Jean McLeary, 71, and her husband Jim, also 71, have lived in Richmond Row for almost three years.

“It’s an utter disgrace,” Jean said. “It’s not been touched this year at all.

“Some of the residents can’t get out and about at all, and they are stuck inside looking out onto an eyesore.

“They used to enjoy views across the river and right up town, and now it’s just overgrown grass.

“It’s like they think we’re just pensioners so why bother?”

So desperate are the residents that two of the oldest among them, 91-year-old Nessie Ruel and 79-year-old Janet Barrie posed for photographs with a borrowed grass cutters in a bid to “shame the council into action”.

“The strange thing is that the council has come and cut the bit by the flood gates twice this year already, but nothing past that point,” Jean added.

“We are all pensioners. They can’t expect us to be out there cutting it.

“We moved to these flats because we are not able to keep a garden.”

The residents also complain that the only time the grass is guaranteed a cut is in July when the horses cross the water there during the Jethart Callant’s Festival.

Last year, the bankings were cut every four to six weeks up until August, after which time they’ve been abandoned.

Late resident Peter ‘Pedro’ Taylor also tended the gardens there until his death two years ago.

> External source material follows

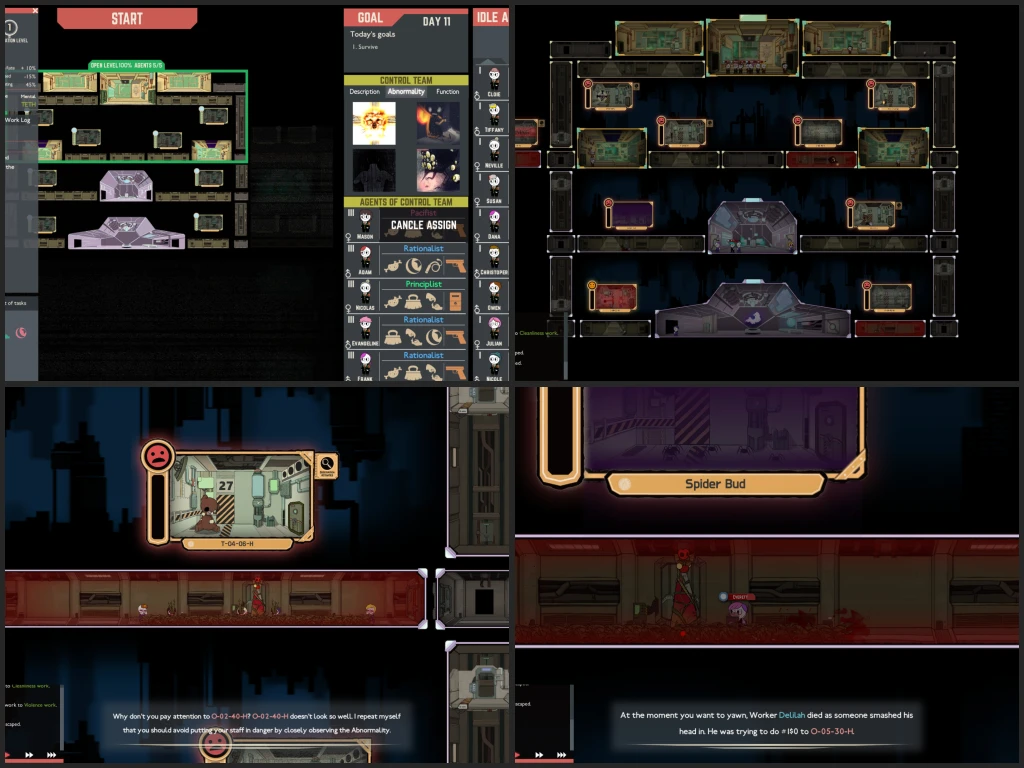 Lobotomy Corporation | Monster Management Simulation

Another resident Sandra Bera, 66, who has lived there for five years, said it’s the worst it has ever been.

“I was living in a cage practically. I just managed to get a tree cut down to let some light in,” she said. “It’s a tip. It’s Jurassic out there.

“I used to help Pedro keep it tidy and would weed kill out the front. You want to keep where you live tidy, but we shouldn’t be needing to do it ourselves.”

While the flats are owned by the social landlord, the land is the responsibility of the council.

Jedburgh councillor Scott Hamilton says there might be some confusion over where responsibility for the gardens lies.

“I’m not sure why is has not been cut this year. It’s not been taken out of any grass-cutting routine,” he said.

“The only way to solve this is to have a site meeting with neighbourhood foreman Alistair Finnie and establish who is responsible for what.

“There is also an area there which Pedro looked after, and since he passed away that has been left.

“I appreciate the residents’ concerns and we will get something on paper about how to go forward with this.”